**** Dataset content

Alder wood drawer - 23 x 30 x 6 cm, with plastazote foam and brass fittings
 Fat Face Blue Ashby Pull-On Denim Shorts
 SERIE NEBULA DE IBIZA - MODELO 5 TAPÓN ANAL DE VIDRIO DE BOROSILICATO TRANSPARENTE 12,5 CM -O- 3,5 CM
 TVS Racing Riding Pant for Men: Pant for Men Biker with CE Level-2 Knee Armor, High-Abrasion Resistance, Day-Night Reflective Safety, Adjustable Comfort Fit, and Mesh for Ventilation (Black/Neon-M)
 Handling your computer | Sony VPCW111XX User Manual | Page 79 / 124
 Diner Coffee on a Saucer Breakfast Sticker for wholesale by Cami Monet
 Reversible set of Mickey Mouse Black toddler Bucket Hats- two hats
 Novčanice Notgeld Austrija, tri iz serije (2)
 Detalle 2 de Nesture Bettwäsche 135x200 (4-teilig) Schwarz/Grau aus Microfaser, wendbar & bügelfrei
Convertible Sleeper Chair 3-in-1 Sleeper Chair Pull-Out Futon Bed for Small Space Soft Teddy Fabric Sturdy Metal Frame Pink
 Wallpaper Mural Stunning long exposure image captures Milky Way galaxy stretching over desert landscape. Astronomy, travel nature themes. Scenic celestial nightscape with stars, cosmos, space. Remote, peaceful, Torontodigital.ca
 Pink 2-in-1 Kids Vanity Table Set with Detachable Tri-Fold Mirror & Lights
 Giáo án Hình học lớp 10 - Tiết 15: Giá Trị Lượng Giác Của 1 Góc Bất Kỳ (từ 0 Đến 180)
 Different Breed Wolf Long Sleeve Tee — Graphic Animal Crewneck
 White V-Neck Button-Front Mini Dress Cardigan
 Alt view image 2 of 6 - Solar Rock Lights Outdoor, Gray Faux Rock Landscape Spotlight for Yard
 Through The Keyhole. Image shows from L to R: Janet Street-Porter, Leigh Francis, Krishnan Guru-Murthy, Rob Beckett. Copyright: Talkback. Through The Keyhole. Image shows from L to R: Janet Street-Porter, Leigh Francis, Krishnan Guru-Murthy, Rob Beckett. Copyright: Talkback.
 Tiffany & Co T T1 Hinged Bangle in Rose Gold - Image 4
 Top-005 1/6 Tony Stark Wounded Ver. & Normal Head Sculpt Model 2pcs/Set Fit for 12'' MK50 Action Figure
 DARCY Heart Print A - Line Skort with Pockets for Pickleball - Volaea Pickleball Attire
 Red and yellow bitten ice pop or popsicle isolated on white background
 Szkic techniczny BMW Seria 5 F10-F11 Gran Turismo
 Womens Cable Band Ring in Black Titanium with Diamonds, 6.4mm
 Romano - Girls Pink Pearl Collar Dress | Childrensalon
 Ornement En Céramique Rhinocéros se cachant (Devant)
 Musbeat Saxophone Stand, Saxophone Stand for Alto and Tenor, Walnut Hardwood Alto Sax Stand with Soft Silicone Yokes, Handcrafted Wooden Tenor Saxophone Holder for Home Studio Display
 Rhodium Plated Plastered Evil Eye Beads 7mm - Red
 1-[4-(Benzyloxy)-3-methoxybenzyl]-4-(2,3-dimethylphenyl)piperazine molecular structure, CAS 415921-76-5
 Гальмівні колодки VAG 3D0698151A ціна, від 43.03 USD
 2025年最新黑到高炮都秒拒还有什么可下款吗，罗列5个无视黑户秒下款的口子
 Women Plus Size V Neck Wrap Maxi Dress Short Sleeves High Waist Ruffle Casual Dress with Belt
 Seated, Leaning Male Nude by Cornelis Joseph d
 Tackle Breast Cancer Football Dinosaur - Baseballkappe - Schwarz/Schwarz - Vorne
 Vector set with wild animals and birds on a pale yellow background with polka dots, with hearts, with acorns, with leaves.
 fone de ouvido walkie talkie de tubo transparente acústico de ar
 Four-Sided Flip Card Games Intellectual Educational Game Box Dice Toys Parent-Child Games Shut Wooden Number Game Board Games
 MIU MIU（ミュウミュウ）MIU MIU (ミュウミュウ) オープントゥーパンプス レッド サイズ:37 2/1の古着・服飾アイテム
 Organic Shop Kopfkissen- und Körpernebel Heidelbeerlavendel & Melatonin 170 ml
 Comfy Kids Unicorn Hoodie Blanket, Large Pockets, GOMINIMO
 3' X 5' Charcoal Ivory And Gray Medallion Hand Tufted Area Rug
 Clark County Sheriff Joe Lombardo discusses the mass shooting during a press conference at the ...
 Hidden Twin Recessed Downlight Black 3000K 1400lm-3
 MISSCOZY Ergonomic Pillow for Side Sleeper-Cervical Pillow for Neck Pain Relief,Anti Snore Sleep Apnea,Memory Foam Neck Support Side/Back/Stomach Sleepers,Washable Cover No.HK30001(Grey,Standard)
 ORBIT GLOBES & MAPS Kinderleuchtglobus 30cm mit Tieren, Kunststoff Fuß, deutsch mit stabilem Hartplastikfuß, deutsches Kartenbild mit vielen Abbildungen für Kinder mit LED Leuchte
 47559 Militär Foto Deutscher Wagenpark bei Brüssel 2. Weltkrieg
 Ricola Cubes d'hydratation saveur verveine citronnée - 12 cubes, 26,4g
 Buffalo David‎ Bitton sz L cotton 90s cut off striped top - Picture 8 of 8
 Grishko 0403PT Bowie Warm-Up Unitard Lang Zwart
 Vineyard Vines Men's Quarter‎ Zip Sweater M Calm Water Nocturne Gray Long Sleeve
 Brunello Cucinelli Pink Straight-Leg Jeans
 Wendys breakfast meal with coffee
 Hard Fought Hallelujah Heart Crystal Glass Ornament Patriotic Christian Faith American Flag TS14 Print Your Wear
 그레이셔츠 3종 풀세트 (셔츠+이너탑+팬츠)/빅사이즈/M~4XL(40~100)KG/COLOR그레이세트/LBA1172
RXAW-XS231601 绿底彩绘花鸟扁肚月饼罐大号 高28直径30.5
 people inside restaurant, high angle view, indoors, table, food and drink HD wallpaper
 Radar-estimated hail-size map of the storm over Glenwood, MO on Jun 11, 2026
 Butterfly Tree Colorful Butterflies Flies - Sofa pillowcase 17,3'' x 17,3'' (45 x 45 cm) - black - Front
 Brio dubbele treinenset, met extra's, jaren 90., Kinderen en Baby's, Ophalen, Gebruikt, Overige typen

********

▸ Prompt
An exact copy of the listing above is all the answer should hold.

▸ Task answer
Alder wood drawer - 23 x 30 x 6 cm, with plastazote foam and brass fittings
 Fat Face Blue Ashby Pull-On Denim Shorts
 SERIE NEBULA DE IBIZA - MODELO 5 TAPÓN ANAL DE VIDRIO DE BOROSILICATO TRANSPARENTE 12,5 CM -O- 3,5 CM
 TVS Racing Riding Pant for Men: Pant for Men Biker with CE Level-2 Knee Armor, High-Abrasion Resistance, Day-Night Reflective Safety, Adjustable Comfort Fit, and Mesh for Ventilation (Black/Neon-M)
 Handling your computer | Sony VPCW111XX User Manual | Page 79 / 124
 Diner Coffee on a Saucer Breakfast Sticker for wholesale by Cami Monet
 Reversible set of Mickey Mouse Black toddler Bucket Hats- two hats
 Novčanice Notgeld Austrija, tri iz serije (2)
 Detalle 2 de Nesture Bettwäsche 135x200 (4-teilig) Schwarz/Grau aus Microfaser, wendbar & bügelfrei
Convertible Sleeper Chair 3-in-1 Sleeper Chair Pull-Out Futon Bed for Small Space Soft Teddy Fabric Sturdy Metal Frame Pink
 Wallpaper Mural Stunning long exposure image captures Milky Way galaxy stretching over desert landscape. Astronomy, travel nature themes. Scenic celestial nightscape with stars, cosmos, space. Remote, peaceful, Torontodigital.ca
 Pink 2-in-1 Kids Vanity Table Set with Detachable Tri-Fold Mirror & Lights
 Giáo án Hình học lớp 10 - Tiết 15: Giá Trị Lượng Giác Của 1 Góc Bất Kỳ (từ 0 Đến 180)
 Different Breed Wolf Long Sleeve Tee — Graphic Animal Crewneck
 White V-Neck Button-Front Mini Dress Cardigan
 Alt view image 2 of 6 - Solar Rock Lights Outdoor, Gray Faux Rock Landscape Spotlight for Yard
 Through The Keyhole. Image shows from L to R: Janet Street-Porter, Leigh Francis, Krishnan Guru-Murthy, Rob Beckett. Copyright: Talkback. Through The Keyhole. Image shows from L to R: Janet Street-Porter, Leigh Francis, Krishnan Guru-Murthy, Rob Beckett. Copyright: Talkback.
 Tiffany & Co T T1 Hinged Bangle in Rose Gold - Image 4
 Top-005 1/6 Tony Stark Wounded Ver. & Normal Head Sculpt Model 2pcs/Set Fit for 12'' MK50 Action Figure
 DARCY Heart Print A - Line Skort with Pockets for Pickleball - Volaea Pickleball Attire
 Red and yellow bitten ice pop or popsicle isolated on white background
 Szkic techniczny BMW Seria 5 F10-F11 Gran Turismo
 Womens Cable Band Ring in Black Titanium with Diamonds, 6.4mm
 Romano - Girls Pink Pearl Collar Dress | Childrensalon
 Ornement En Céramique Rhinocéros se cachant (Devant)
 Musbeat Saxophone Stand, Saxophone Stand for Alto and Tenor, Walnut Hardwood Alto Sax Stand with Soft Silicone Yokes, Handcrafted Wooden Tenor Saxophone Holder for Home Studio Display
 Rhodium Plated Plastered Evil Eye Beads 7mm - Red
 1-[4-(Benzyloxy)-3-methoxybenzyl]-4-(2,3-dimethylphenyl)piperazine molecular structure, CAS 415921-76-5
 Гальмівні колодки VAG 3D0698151A ціна, від 43.03 USD
 2025年最新黑到高炮都秒拒还有什么可下款吗，罗列5个无视黑户秒下款的口子
 Women Plus Size V Neck Wrap Maxi Dress Short Sleeves High Waist Ruffle Casual Dress with Belt
 Seated, Leaning Male Nude by Cornelis Joseph d
 Tackle Breast Cancer Football Dinosaur - Baseballkappe - Schwarz/Schwarz - Vorne
 Vector set with wild animals and birds on a pale yellow background with polka dots, with hearts, with acorns, with leaves.
 fone de ouvido walkie talkie de tubo transparente acústico de ar
 Four-Sided Flip Card Games Intellectual Educational Game Box Dice Toys Parent-Child Games Shut Wooden Number Game Board Games
 MIU MIU（ミュウミュウ）MIU MIU (ミュウミュウ) オープントゥーパンプス レッド サイズ:37 2/1の古着・服飾アイテム
 Organic Shop Kopfkissen- und Körpernebel Heidelbeerlavendel & Melatonin 170 ml
 Comfy Kids Unicorn Hoodie Blanket, Large Pockets, GOMINIMO
 3' X 5' Charcoal Ivory And Gray Medallion Hand Tufted Area Rug
 Clark County Sheriff Joe Lombardo discusses the mass shooting during a press conference at the ...
 Hidden Twin Recessed Downlight Black 3000K 1400lm-3
 MISSCOZY Ergonomic Pillow for Side Sleeper-Cervical Pillow for Neck Pain Relief,Anti Snore Sleep Apnea,Memory Foam Neck Support Side/Back/Stomach Sleepers,Washable Cover No.HK30001(Grey,Standard)
 ORBIT GLOBES & MAPS Kinderleuchtglobus 30cm mit Tieren, Kunststoff Fuß, deutsch mit stabilem Hartplastikfuß, deutsches Kartenbild mit vielen Abbildungen für Kinder mit LED Leuchte
 47559 Militär Foto Deutscher Wagenpark bei Brüssel 2. Weltkrieg
 Ricola Cubes d'hydratation saveur verveine citronnée - 12 cubes, 26,4g
 Buffalo David‎ Bitton sz L cotton 90s cut off striped top - Picture 8 of 8
 Grishko 0403PT Bowie Warm-Up Unitard Lang Zwart
 Vineyard Vines Men's Quarter‎ Zip Sweater M Calm Water Nocturne Gray Long Sleeve
 Brunello Cucinelli Pink Straight-Leg Jeans
 Wendys breakfast meal with coffee
 Hard Fought Hallelujah Heart Crystal Glass Ornament Patriotic Christian Faith American Flag TS14 Print Your Wear
 그레이셔츠 3종 풀세트 (셔츠+이너탑+팬츠)/빅사이즈/M~4XL(40~100)KG/COLOR그레이세트/LBA1172
RXAW-XS231601 绿底彩绘花鸟扁肚月饼罐大号 高28直径30.5
 people inside restaurant, high angle view, indoors, table, food and drink HD wallpaper
 Radar-estimated hail-size map of the storm over Glenwood, MO on Jun 11, 2026
 Butterfly Tree Colorful Butterflies Flies - Sofa pillowcase 17,3'' x 17,3'' (45 x 45 cm) - black - Front
 Brio dubbele treinenset, met extra's, jaren 90., Kinderen en Baby's, Ophalen, Gebruikt, Overige typen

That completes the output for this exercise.